5 files changed, 211 insertions, 4 deletions
diff --git a/include/asm-generic/memory_model.h b/include/asm-generic/memory_model.h
index 30d8d33491dd..52226e14bd7d 100644
--- a/include/asm-generic/memory_model.h
+++ b/include/asm-generic/memory_model.h
@@ -46,6 +46,12 @@
         __pgdat->node_start_pfn;                                       \
 })
+#elif defined(CONFIG_SPARSEMEM_VMEMMAP)
+/* memmap is virtually contigious.  */
+#define __pfn_to_page(pfn)      (vmemmap + (pfn))
+#define __page_to_pfn(page)     ((page) - vmemmap)
 #elif defined(CONFIG_SPARSEMEM)
 /*
 * Note: section's mem_map is encorded to reflect its start_pfn.

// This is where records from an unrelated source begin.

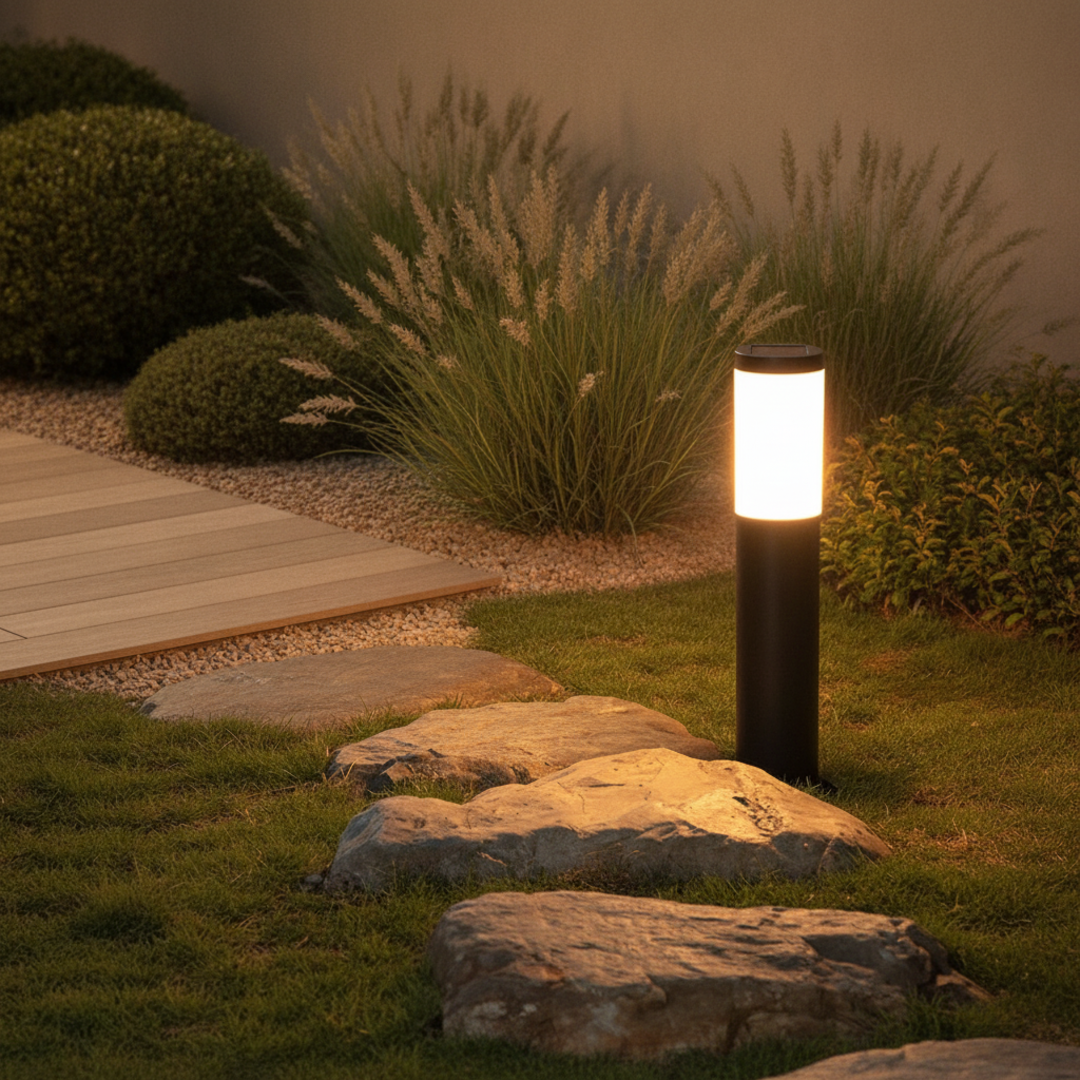 Keldvik — Solen Outdoor Lamp, Stainless Steel Solar Light — Modern Garden with Solar Lights, square 1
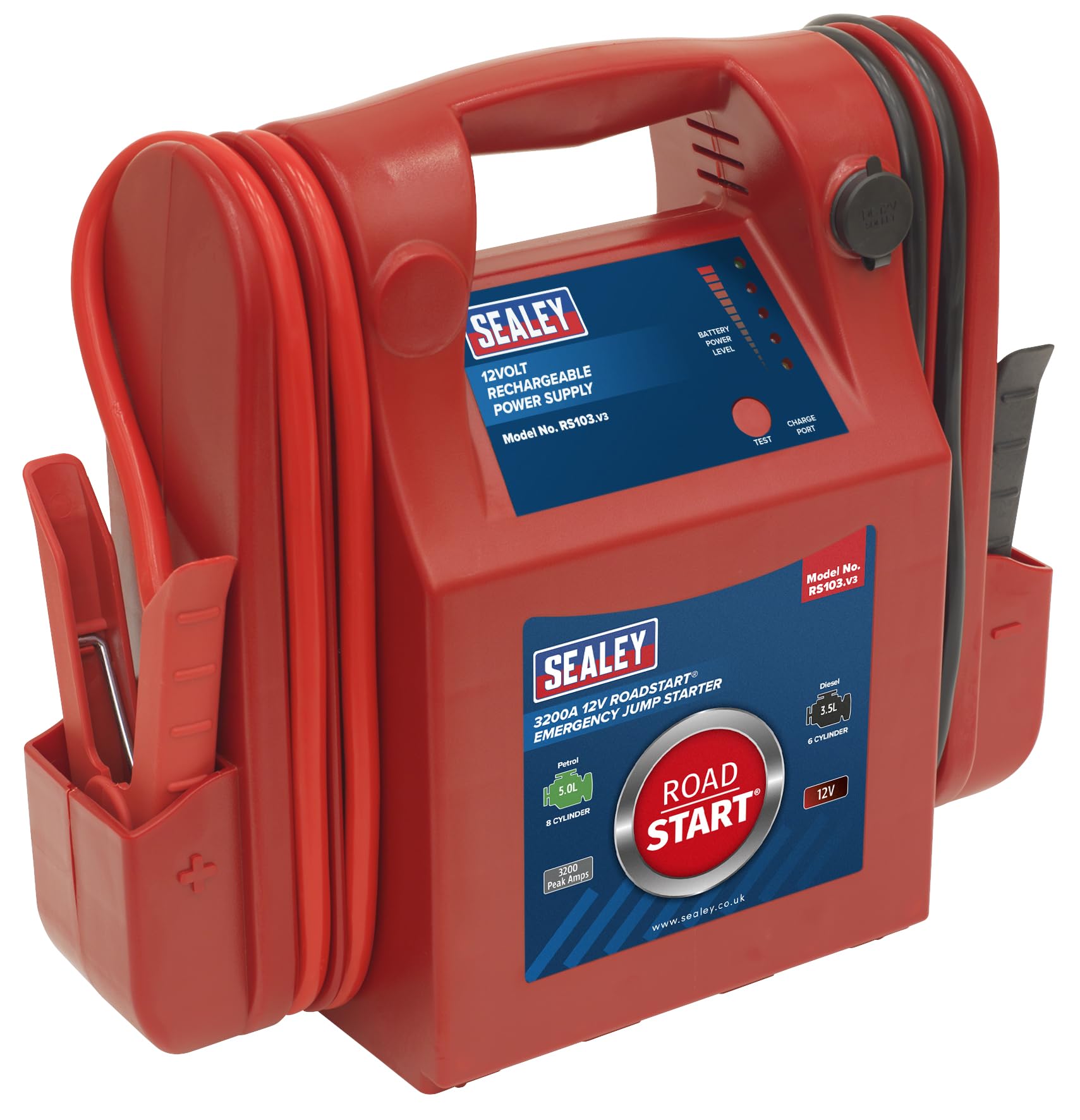 Sealey Rs103 Roadstart Emergency Power Pack 12V 3200 Peak Amps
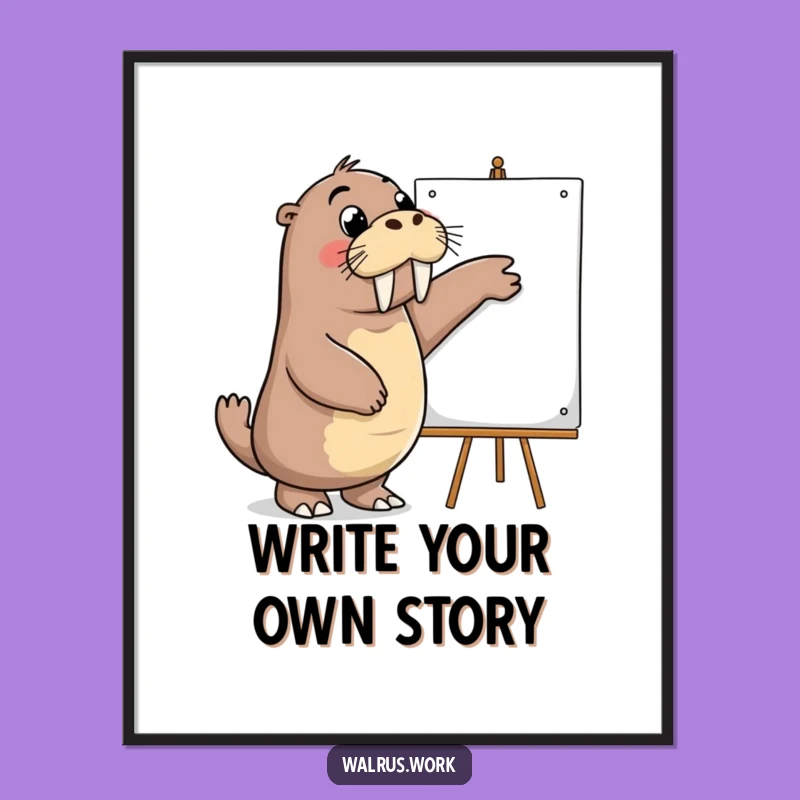 Funny Free Printable Wall Art: Walrus Pointing, Quirky Motivational Decor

diff --git a/include/linux/mm.h b/include/linux/mm.h
index 1692dd6cb915..d216abbd0574 100644
--- a/include/linux/mm.h
+++ b/include/linux/mm.h
@@ -1218,5 +1218,11 @@ extern int randomize_va_space;
 const char * arch_vma_name(struct vm_area_struct *vma);
+struct page *sparse_early_mem_map_populate(unsigned long pnum, int nid);
+int vmemmap_populate(struct page *start_page, unsigned long pages, int node);
+int vmemmap_populate_pmd(pud_t *, unsigned long, unsigned long, int);
+void *vmemmap_alloc_block(unsigned long size, int node);
+void vmemmap_verify(pte_t *, int, unsigned long, unsigned long);
 #endif /* __KERNEL__ */
 #endif /* _LINUX_MM_H */
diff --git a/mm/Makefile b/mm/Makefile
index 245e33ab00c4..d28f63e05b46 100644
--- a/mm/Makefile
+++ b/mm/Makefile
@@ -18,6 +18,7 @@ obj-$(CONFIG_SWAP)	+= page_io.o swap_state.o swapfile.o thrash.o
 obj-$(CONFIG_HUGETLBFS) += hugetlb.o
 obj-$(CONFIG_NUMA)      += mempolicy.o
 obj-$(CONFIG_SPARSEMEM) += sparse.o
+obj-$(CONFIG_SPARSEMEM_VMEMMAP) += sparse-vmemmap.o
 obj-$(CONFIG_SHMEM) += shmem.o
 obj-$(CONFIG_TMPFS_POSIX_ACL) += shmem_acl.o
 obj-$(CONFIG_TINY_SHMEM) += tiny-shmem.o
diff --git a/mm/sparse-vmemmap.c b/mm/sparse-vmemmap.c
new file mode 100644
index 000000000000..7bb7a4b96d74
--- /dev/null
+++ b/mm/sparse-vmemmap.c
@@ -0,0 +1,181 @@
+/*
+ * Virtual Memory Map support
+ *
+ * (C) 2007 sgi. Christoph Lameter <clameter@sgi.com>.
+ *
+ * Virtual memory maps allow VM primitives pfn_to_page, page_to_pfn,
+ * virt_to_page, page_address() to be implemented as a base offset
+ * calculation without memory access.
+ *
+ * However, virtual mappings need a page table and TLBs. Many Linux
+ * architectures already map their physical space using 1-1 mappings
+ * via TLBs. For those arches the virtual memmory map is essentially
+ * for free if we use the same page size as the 1-1 mappings. In that
+ * case the overhead consists of a few additional pages that are
+ * allocated to create a view of memory for vmemmap.
+ *
+ * Special Kconfig settings:
+ *
+ * CONFIG_ARCH_POPULATES_SPARSEMEM_VMEMMAP
+ *
+ *      The architecture has its own functions to populate the memory
+ *      map and provides a vmemmap_populate function.
+ *
+ * CONFIG_ARCH_POPULATES_SPARSEMEM_VMEMMAP_PMD
+ *
+ *      The architecture provides functions to populate the pmd level
+ *      of the vmemmap mappings.  Allowing mappings using large pages
+ *      where available.
+ *
+ *      If neither are set then PAGE_SIZE mappings are generated which
+ *      require one PTE/TLB per PAGE_SIZE chunk of the virtual memory map.
+ */
+#include <linux/mm.h>
+#include <linux/mmzone.h>
+#include <linux/bootmem.h>
+#include <linux/highmem.h>
+#include <linux/module.h>
+#include <linux/spinlock.h>
+#include <linux/vmalloc.h>
+#include <asm/dma.h>
+#include <asm/pgalloc.h>
+#include <asm/pgtable.h>
+/*
+ * Allocate a block of memory to be used to back the virtual memory map
+ * or to back the page tables that are used to create the mapping.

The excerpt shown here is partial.